Neither of the following is included in the definition of FVC:

MFIs within the meaning of Article 1 of Regulation (EC) No 25/2009 (ECB/2008/32),

investment funds (IFs) within the meaning of Article 1 of Regulation (EC) 958/2007 of the European Central Bank of 27 July 2007 concerning statistics on the assets and liabilities of investment funds (ECB/2007/8) (3);

2.

‘securitisation’ means a transaction or scheme whereby an asset or pool of assets is transferred to an entity that is separate from the originator and is created for or serves the purpose of the securitisation and/or the credit risk of an asset or pool of assets, or part thereof, is transferred to the investors in the securities, securitisation fund units, other debt instruments and/or financial derivatives issued by an entity that is separate from the originator and is created for or serves the purpose of the securitisation, and:

(a)

in case of transfer of credit risk, the transfer is achieved by:

the economic transfer of the assets being securitised to an entity separate from the originator created for or serving the purpose of the securitisation. This is accomplished by the transfer of ownership of the securitised assets from the originator or through sub-participation, or

the use of credit derivatives, guarantees or any similar mechanism;

and

(b)

where such securities, securitisation fund units, debt instruments and/or financial derivatives are issued, they do not represent the originator's payment obligations;

3.

‘originator’ means the transferor of the assets, or a pool of assets, and/or the credit risk of the asset or pool of assets to the securitisation structure;

4.

‘participating Member State’ means a Member State that has adopted the euro;

5.

‘non-participating Member State’ means a Member State that has not adopted the euro;

6.

‘reporting agent’ means a reporting agent within the meaning of Article 1 of Regulation (EC) No 2533/98;

7.

‘resident’ means resident within the meaning of Article 1 of Regulation (EC) No 2533/98. For the purposes of this Regulation, and if a legal entity lacks a physical dimension, its residence shall be determined by the economic territory under whose laws the entity is incorporated. If the entity is not incorporated, legal domicile shall be used as a criterion, namely the country whose legal system governs the creation and continued existence of the entity;

8.

‘MFI’ means a monetary financial institution within the meaning of Article 1 of Regulation (EC) No 25/2009 (ECB/2008/32);

9.

‘relevant NCB’ means the NCB of the participating Member State in which the FVC is resident.

10.

‘taking up business’ means any activity, including any preparatory measures, related to the securitisation, other than merely establishing an entity that is not expected to commence the securitisation activity in the next six months. Any activity by the FVC taken after the securitisation activity becomes foreseeable means taking up business.

Article 2

Reporting population

1.   FVCs resident in the territory of a participating Member State shall form the reference reporting population. The reference reporting population shall be subject to the obligation laid down in Article 3(2).
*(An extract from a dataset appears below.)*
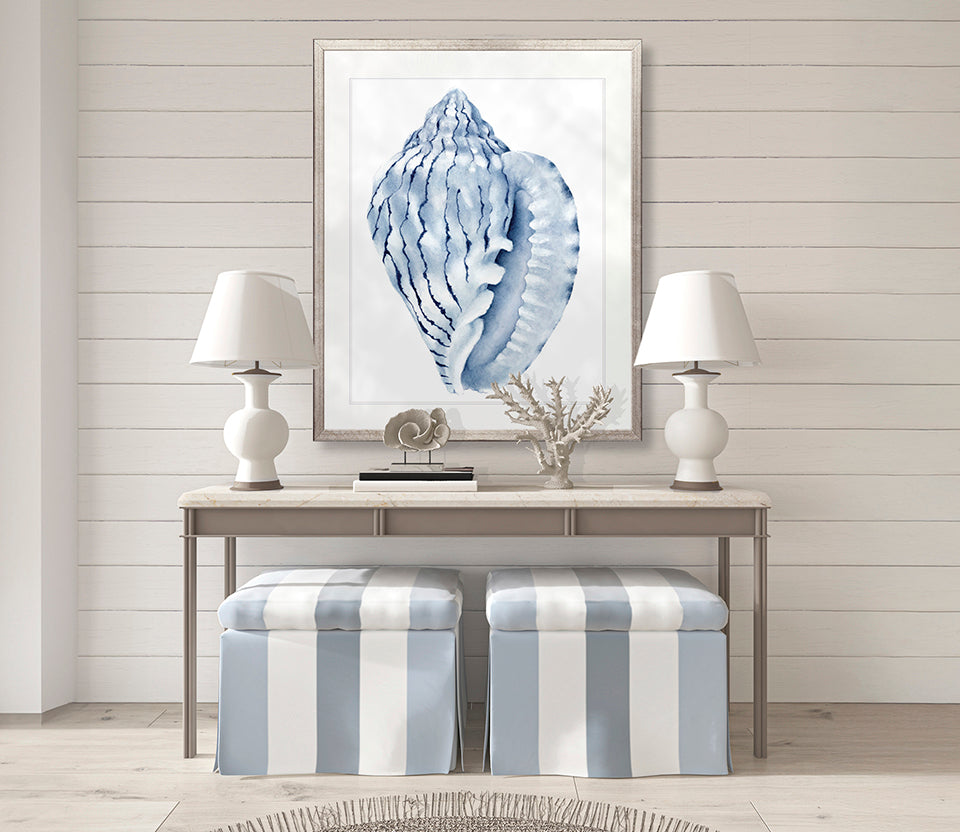 Exquisite Shell V (Indigo)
2.   The reference reporting population excluding those FVCs which have been fully exempted pursuant to Article 5(1)(c) shall form the actual reporting population. The actual reporting population shall be subject to the reporting obligations laid down in Article 4, subject to the derogations laid down in Article 5. The FVCs that are subject to reporting their annual financial statement pursuant to Article 5(3) or that are subject to ad hoc reporting obligations pursuant to Article 5(5) shall also form part of the actual reporting population.
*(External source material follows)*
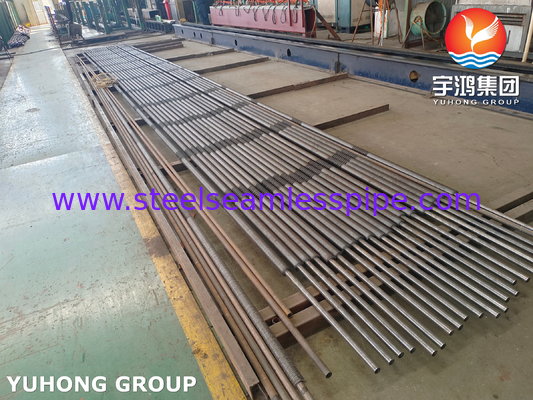 ASTM A106 Gr.B Χάλυβας άνθρακα U Bend HFW Σωλήνας με πτερύγια για Οικονομιστές Εξάτμισης Κινητήρων Diesel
3.   If an FVC does not have legal personality under its national law, the persons legally entitled to represent the FVC, or in the absence of formalised representation, persons that under the applicable national laws are liable for acts of the FVC, shall be responsible for reporting the information required under this Regulation.

Article 3

List of FVCs for statistical purposes

1.   The ECB's Executive Board shall establish and maintain, for statistical purposes, a list of FVCs that form the reference reporting population. FVCs shall submit to the NCBs the data that the NCBs require in accordance with Guideline ECB/2008/31 of 19 December 2008 amending Guideline ECB/2007/9 on monetary, financial institutions and markets statistics (recast) (4). The NCBs and the ECB shall make this list and its updates available in an appropriate form, including by electronic means, via the Internet or, at the request of the reporting agents concerned, in paper form.
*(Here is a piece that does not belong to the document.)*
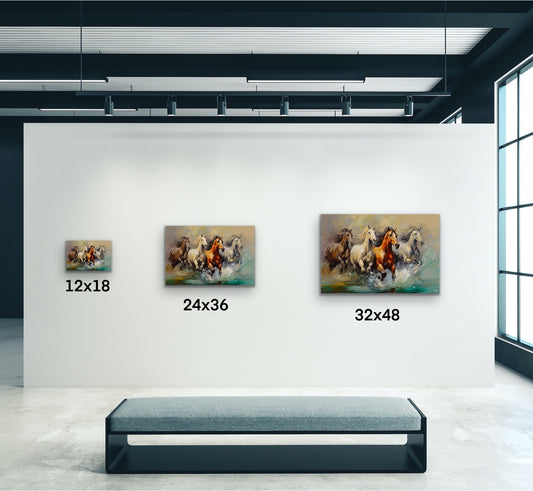 Running Horses Canvas Wall Art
2.   An FVC shall inform the relevant NCB of its existence within one week from the date on which the FVC has taken up business irrespective of whether it expects to be subject to regular reporting obligations under this Regulation.

3.   If the latest accessible electronic version of the list referred to in paragraph 1 is incorrect, the ECB shall not impose sanctions on any entity which did not properly fulfil its reporting requirements to the extent that the requirement set out in paragraph 2 was met and that the entity relied on the incorrect list in good faith.

Article 4

Quarterly statistical reporting requirements and reporting rules

1.   The actual reporting population shall provide to the relevant NCB, data on end-of-quarter outstanding amounts, financial transactions and write-offs/write-downs on the assets and liabilities of FVCs on a quarterly basis, in accordance with Annexes I and II.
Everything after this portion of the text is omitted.